Parece que o azul está na moda – pelo menos nas publicações nacionais. Entre as leituras nacionais deste ano destacam-se três livros: Do Outro Lado, O Deus das Moscas tem Fome e Nova, nova, nova, nova!.

O primeiro, Do Outro Lado, tem origem insuspeita. A autora tinha publicado recentemente uma colectânea de contos de horror bastante boa, Conta-me escuridão. Mas este, mais recente, Do Outro Lado, é uma história de ficção científica, bastante movimentada, que nos apresenta dois mundos paralelos. A escrita destaca-se pela capacidade em criar personagens e em manter um bom ritmo, talvez fruto da experiência em criar guiões. Um dos seus elementos mais positivos e distintivos é, por vezes, também, o ponto fraco – ao afastar-se consistentemente de clichés, a autora cria elementos de novidade, mas também, algum sentimento de incompletude. A crítica mais completa ao livro deverá sair dentro de poucos dias.
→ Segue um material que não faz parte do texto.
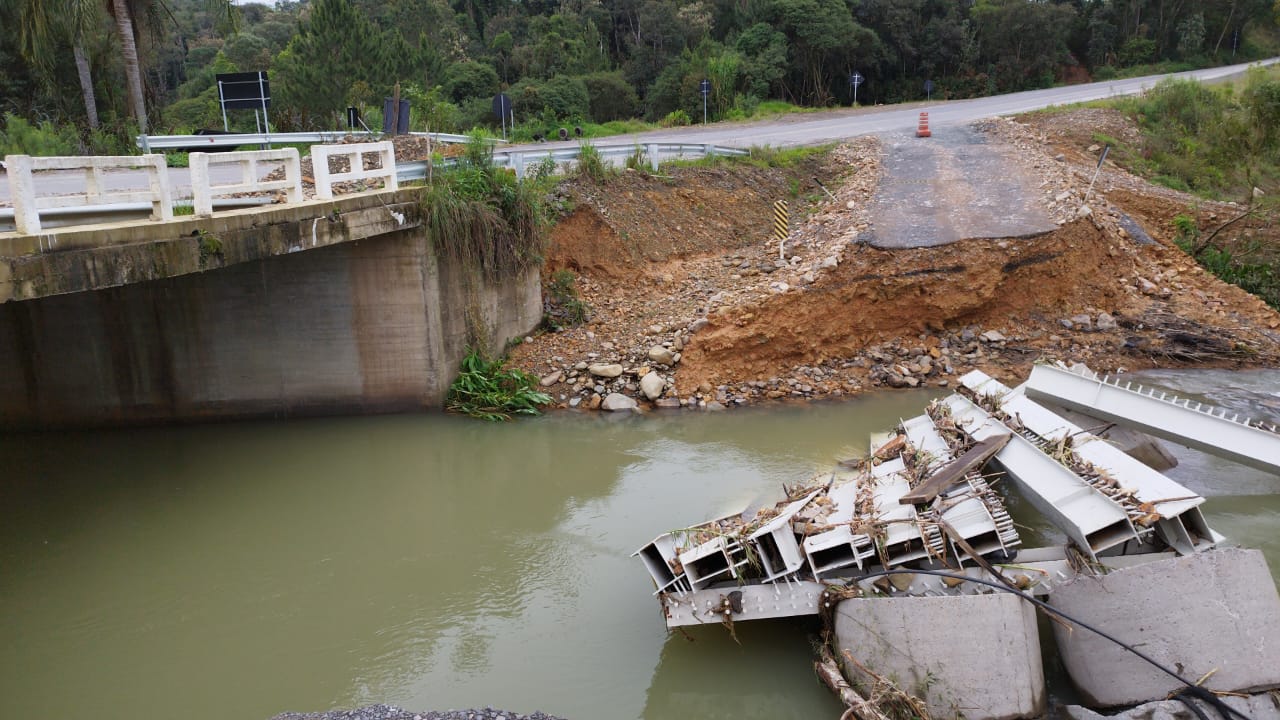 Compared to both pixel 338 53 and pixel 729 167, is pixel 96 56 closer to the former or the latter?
pixel 338 53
Luís Corte Real não é um nome novo no mundo editorial da ficção especulativa. Mais conhecido por ser o fundador e editor da Saída de Emergência (conhecida pela colecção Bang!) Luís Cortel Real aproveitou o confinamento para explorar a vertente da escrita. O resultado é um detective do oculto na Lisboa do século XIX que vai tendo vários casos para resolver ao longo deste volume. Luís Corte Real publicou, também, um segundo volume, mas menos centrado em Lisboa. As histórias destacam-se pela criação do ambiente de época e pela movimentação, com constantes desafios e cenários de horror. Podem ler uma crítica mais completa AQUI.
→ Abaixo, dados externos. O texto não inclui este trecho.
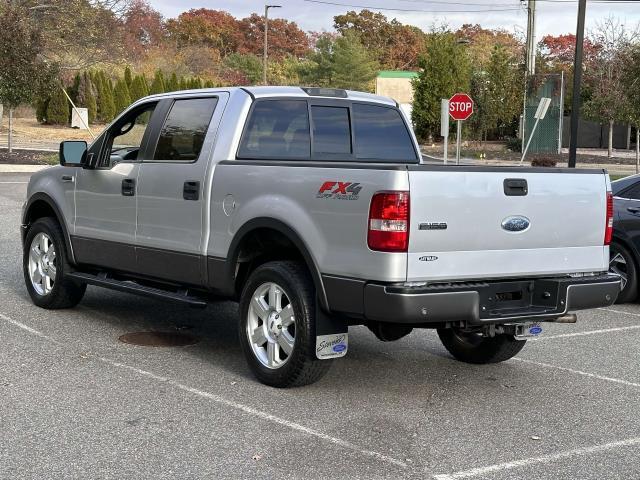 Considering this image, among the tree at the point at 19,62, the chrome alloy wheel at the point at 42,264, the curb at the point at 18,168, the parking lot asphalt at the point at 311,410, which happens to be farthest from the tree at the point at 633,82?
the chrome alloy wheel at the point at 42,264

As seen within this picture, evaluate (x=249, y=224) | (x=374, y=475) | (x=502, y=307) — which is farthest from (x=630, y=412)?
(x=249, y=224)

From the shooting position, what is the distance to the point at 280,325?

Ainda nos livros nacionais, destaca-se a publicação de uma pequena história de Carlos Silva, Nova, nova, nova, nova! que tem como maior defeito ser curta e estar pouco disponível, dado tratar-se de um livro associado à Start-up Cultural da Arruda. A história leva-nos para um Portugal futuro, onde as IA proliferam, mas ainda não têm um estatuto próprio. É nesta realidade futura que Carlos Silva cruza tradição com futurismo, confrontando-os e unindo-os. Podem ler uma crítica mais completa AQUI.

Internacional

Fantasia

Tinha descoberto T. Kingfisher (ou Ursula Vernon) em 2021, com The Hollow Places. Mas foi este ano, com Nettle and Bone que fui explorar mais e acabai por ler sete livros da autora (para além deste, What Moves the Dead, A Wizard’s Guide to Defensive Baking, Minor Mage, Paladin’s Grace, The Seventh Bride, Summer in Orcus) e começar mais um. Bem, afinal, porque estou a gostar tanto do que a autora escreve? Ainda que os livros peguem em premissas de fantasia, existem detalhes arrepiantes que podem ser considerados de horror. Nem tudo é perfeito, e as personagens sofrem situações traumáticas (antes ou durante o decorrer da história) que não são minimizadas nem descuradas. Existem alguns clichés do género, mas que a autora transforma com mestria em situações originais e refrescantes. Alguns dos livros destinam-se a um público mais jovem, mas nem por isso são condescendentes ou simplistas. Interessados em Nettle and Bone? Podem ler algo mais na crítica.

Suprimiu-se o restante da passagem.